After finding facts based on the evidence, the court below acknowledged the following facts. Although the forest of this case was not designated and publicly announced as a restricted site for changing the form and quality of the forest under the provisions of Article 91-4 of the Enforcement Decree of the Forestry Act, the forest of this case was composed of mixed effication and effication in the area where the forest of this case is located, and it seems necessary to change the form and quality of the forest of this case as well as to create the factory site like the plaintiff's application. The forest of this case plays an important role in providing the natural environment of the people who reside in the neighboring residential area as well as neighboring residential area with the natural park of 4-lane road, and it seems that there is no need for the permission of changing the form and quality of the forest of this case to preserve the natural landscape of the forest of this case as its original condition, and there is no need for the permission of changing the form and quality of the forest of this case to permit the use of the forest of this case as well as the forest of this case to use the forest of this case to maintain the land and natural environment.

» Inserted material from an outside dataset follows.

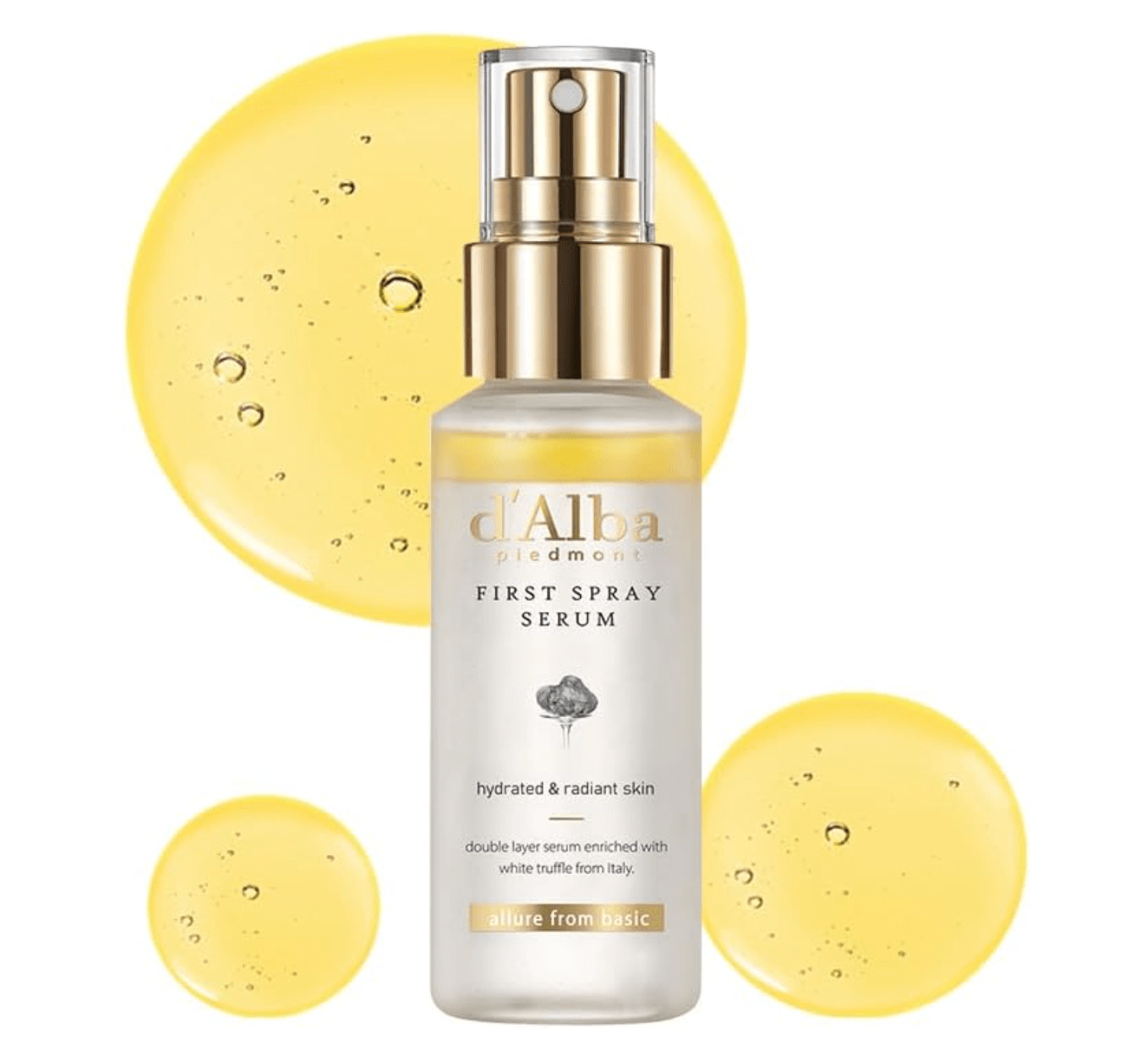 d'Alba White Truffle First Spray Serum (50ml)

In general, in administrative legal relations, in order to apply the principle of protecting trust to the acts of administrative agencies, first, the administrative agency should name the public opinion that is the object of trust to the individual, second, the administrative agency should have no reason attributable to the individual when the statement of opinion is well-grounded, third, the individual should have trusted the name of opinion and have committed any act corresponding thereto, third, the administrative agency should have made a disposition contrary to the above opinion statement, and fourth, the administrative agency should have made a disposition contrary to the above opinion statement, thereby infringing on the interests of the individual who trusted the opinion statement. Lastly, when taking an administrative disposition in accordance with the above opinion statement, it should not be likely to seriously undermine the public interest or the legitimate interests of a third party. Accordingly, there is no evidence that the court below did not apply the principle of protecting trust to the same purport, and there is no error in the misapprehension of legal principles as to the principle of protecting trust and trust as otherwise alleged in the ground for appeal.

Therefore, the appeal is dismissed and the costs of appeal are assessed against the plaintiff who is the losing party. It is so decided as per Disposition by the assent of all participating Justices.